● PROMPT
Could you write out, exactly, every line from the top of the data through the line holding "Camisa Térmica Infantil"? Omit the pictures.

● DATA RECORDS
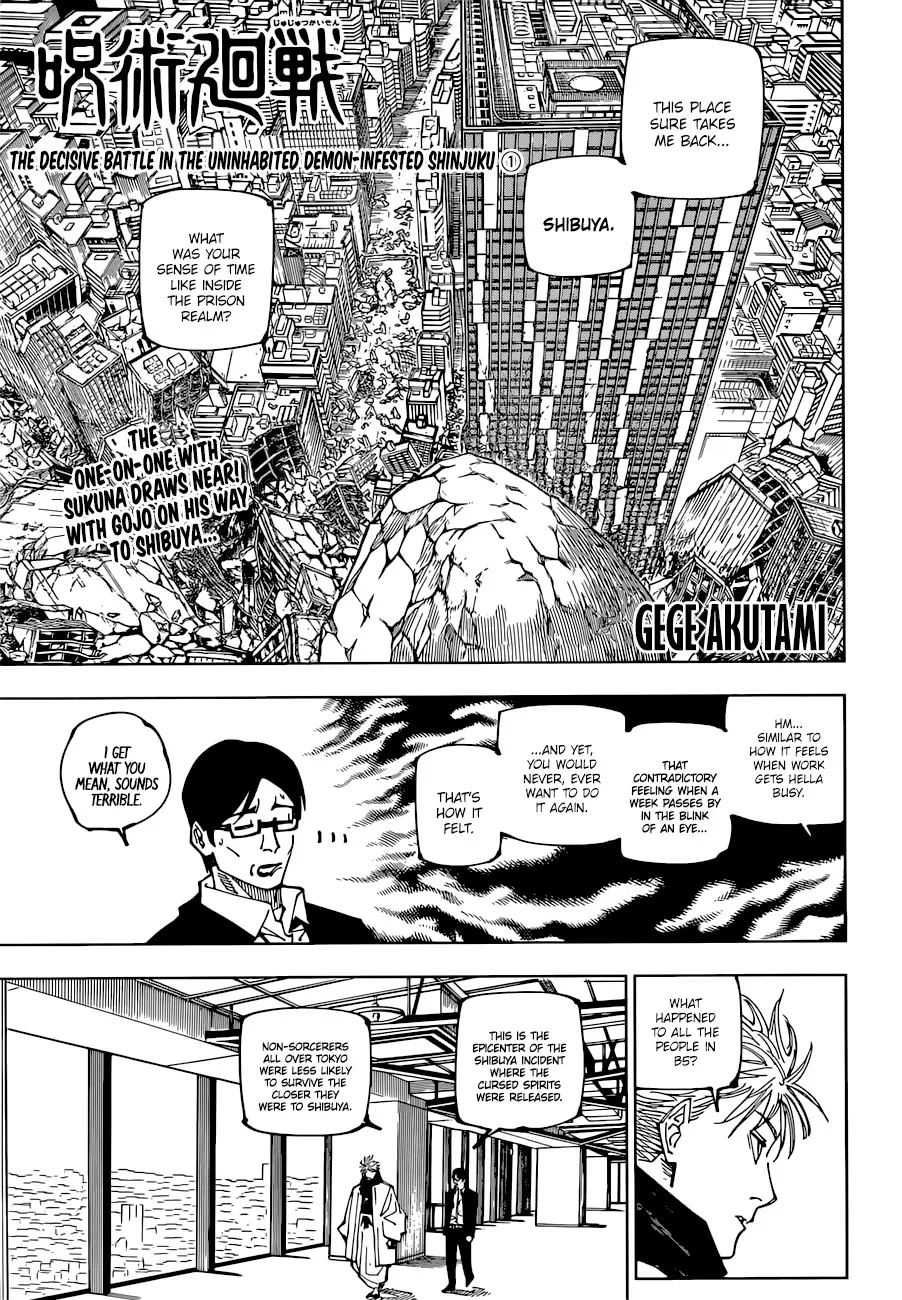 Jujutsu Kaisen Chapter 223 page 1 - MangaKakalot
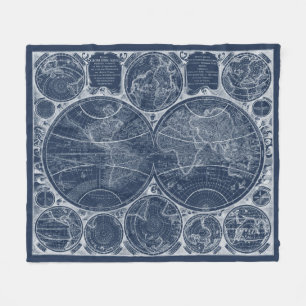 Globala globaliseringsbilder fleecefilt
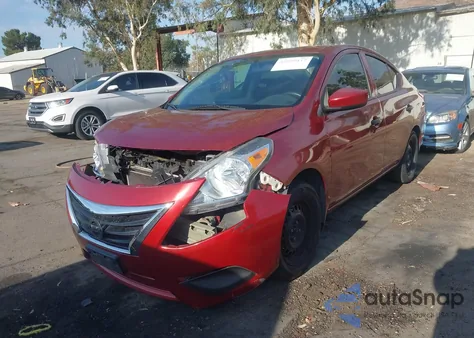 2016 Nissan Versa S/S Plus/Sv/Sl из США, поврежденный, VIN 3N1CN7AP9GL817857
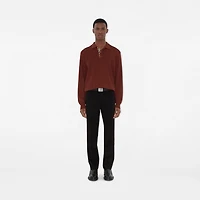 Cotton Chinos in Black - Men | Burberry® Official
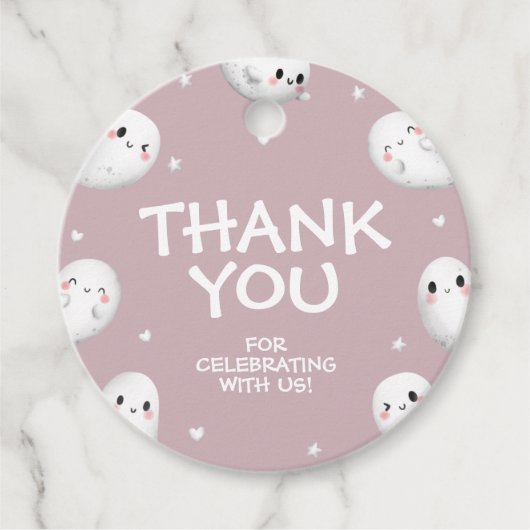 可愛不気味いワンハロウィンガール1歳の誕生日 フェイバータグ (正面)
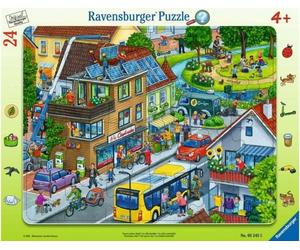 Ravensburger Puzzle con Cornice - La Nostra Città Verde, 24 Pezzi - 1 pz.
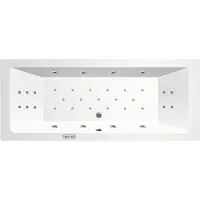Bestbad Luso 180x80 cm whirlpool Deluxe met massage hydroboost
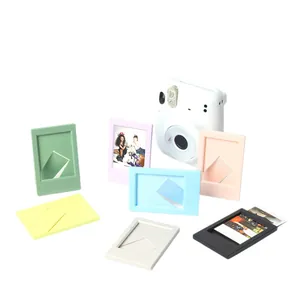 Set aus bunten 3-Zoll-Mini-Fotorahmen im Morandi-Stil, vertikale Tischaufsteller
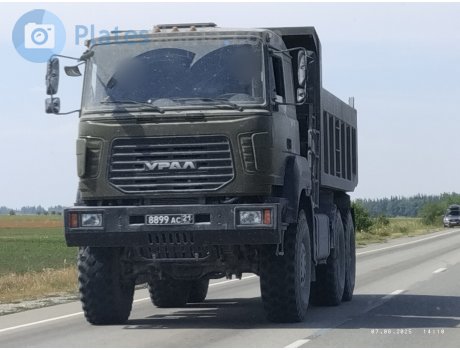 8899 ас 21, Ural (UralAZ) 6370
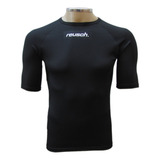 Camisa Térmica Infantil Manga Curta - Preta - C/ Seu Nome!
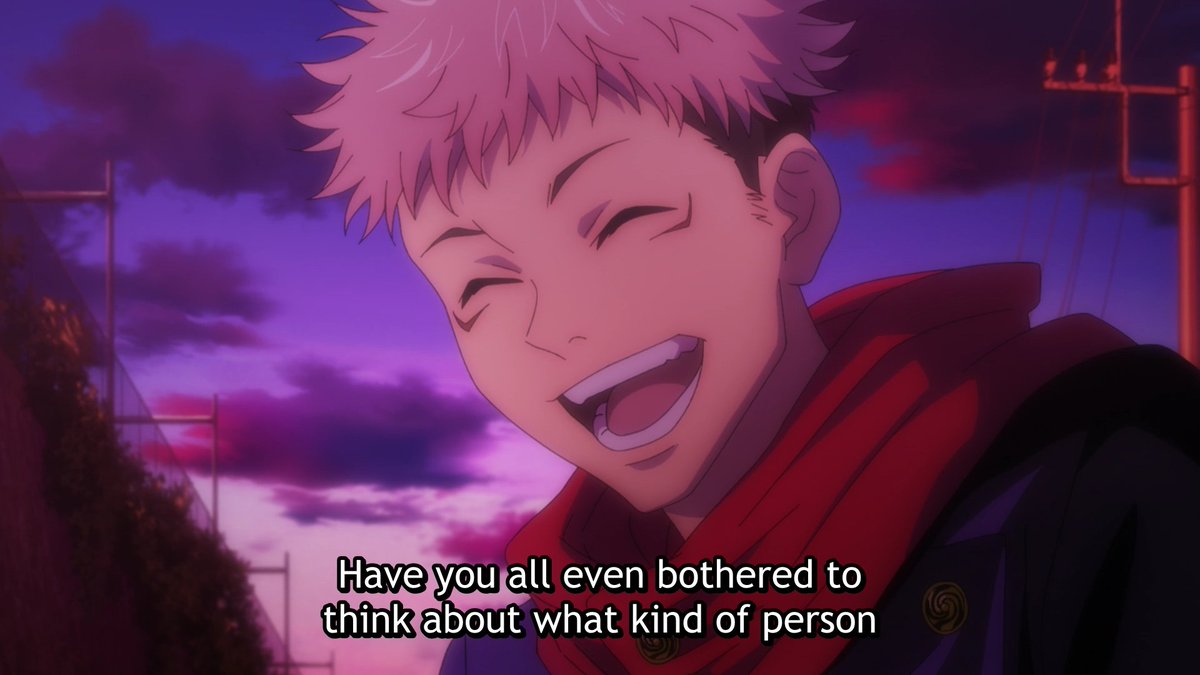 Having the Mai/Maki comparison brought here teaches you to learn who a person really is before judging them.Just as in Yuji's case.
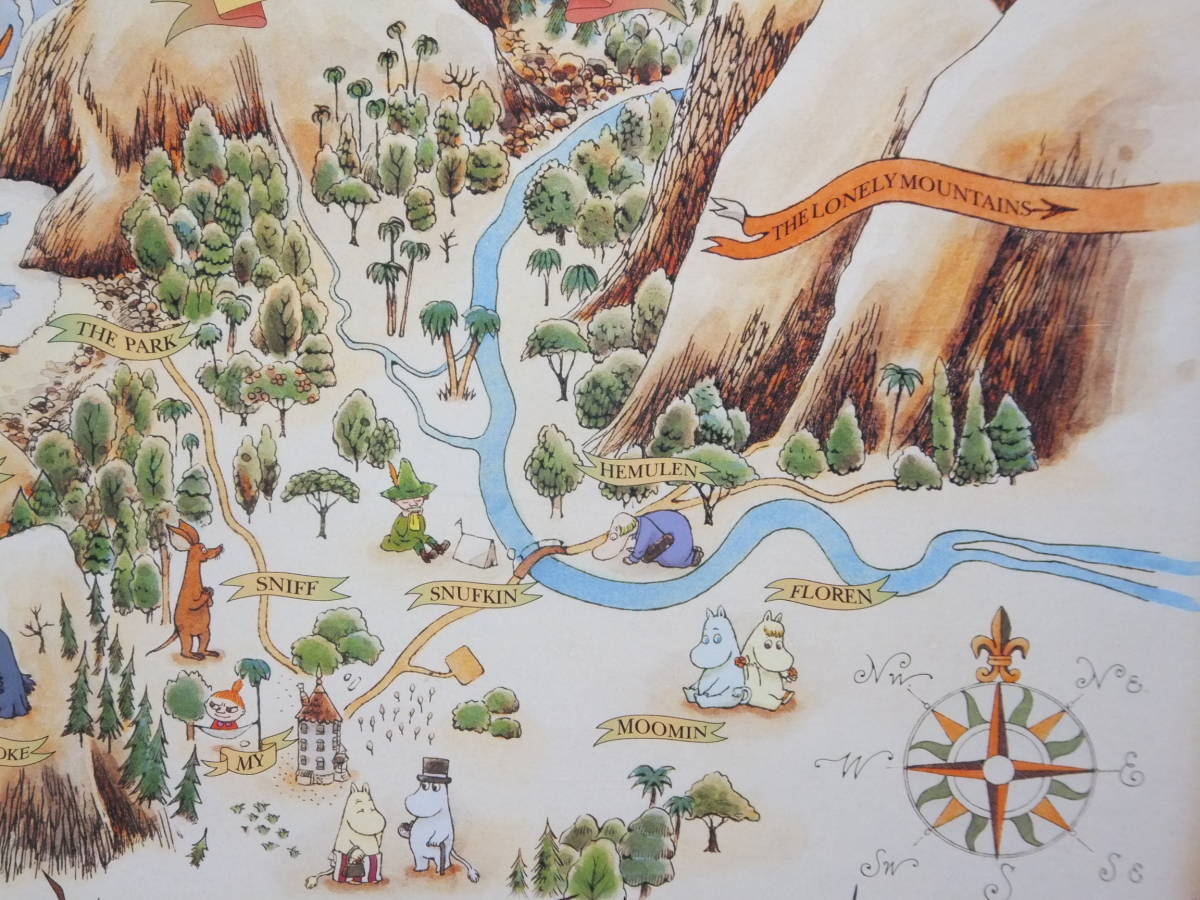 希少品 ムーミン ムーミン谷地図・Ⅰ 1000p｜Yahoo!フリマ（旧PayPay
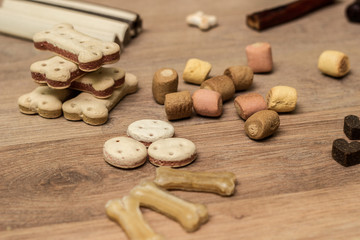 Pet food, snacks for dogs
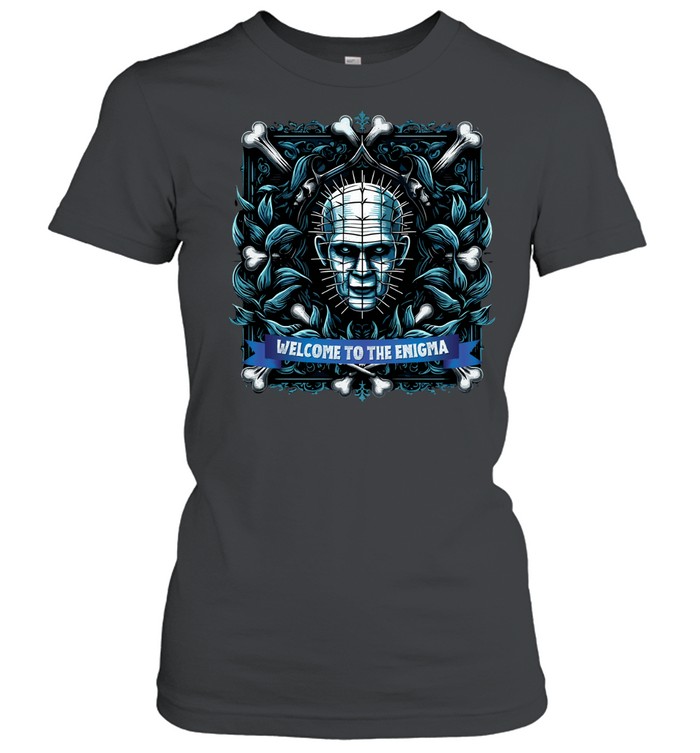 Pinhead Welcome To The Enigma Hellraiser Cenobite Horror Classic Women's T-shirt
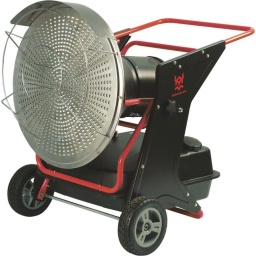 Chauffage radiant infrarouge fioul sur roue 40kW
Chambre de combustion en inox.
D&eacute;tecteur de flamme.
Coupure automatique.
Protection contre les coupures &eacute;lectrique (ne red&eacute;marre pas automatiquement).
Excellent rendement (combustion compl&egrave;te).
Doit &ecirc;tre utilis&eacute; uniquement dans un espace suffisamment ventil&eacute;.


Point info :
Ce produit ne peut pas &ecirc;tre utilis&eacute; comme chauffage principal.
Cet appareil doit &ecirc;tre install&eacute; conform&eacute;ment aux r&egrave;gles en vigueur et utilis&eacute; uniquement dans un espace suffisamment ventil&eacute;. Consulter les instructions avant l&rsquo;installation et l&rsquo;utilisation de cet appareil.

Autonomie
10h
Puissance
40kW
Capacit&eacute; r&eacute;servoir
38L
Capacit&eacute; de chauffe
320-420m&sup2;
Consommation fioul
3,87 l/h
Dimensions
925x635x860mm
Poids article
34,8KG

● SOLUTION
 Jujutsu Kaisen Chapter 223 page 1 - MangaKakalot
 Globala globaliseringsbilder fleecefilt
 2016 Nissan Versa S/S Plus/Sv/Sl из США, поврежденный, VIN 3N1CN7AP9GL817857
 Cotton Chinos in Black - Men | Burberry® Official
 可愛不気味いワンハロウィンガール1歳の誕生日 フェイバータグ (正面)
 Ravensburger Puzzle con Cornice - La Nostra Città Verde, 24 Pezzi - 1 pz.
Bestbad Luso 180x80 cm whirlpool Deluxe met massage hydroboost
 Set aus bunten 3-Zoll-Mini-Fotorahmen im Morandi-Stil, vertikale Tischaufsteller
 8899 ас 21, Ural (UralAZ) 6370
 Camisa Térmica Infantil Manga Curta - Preta - C/ Seu Nome!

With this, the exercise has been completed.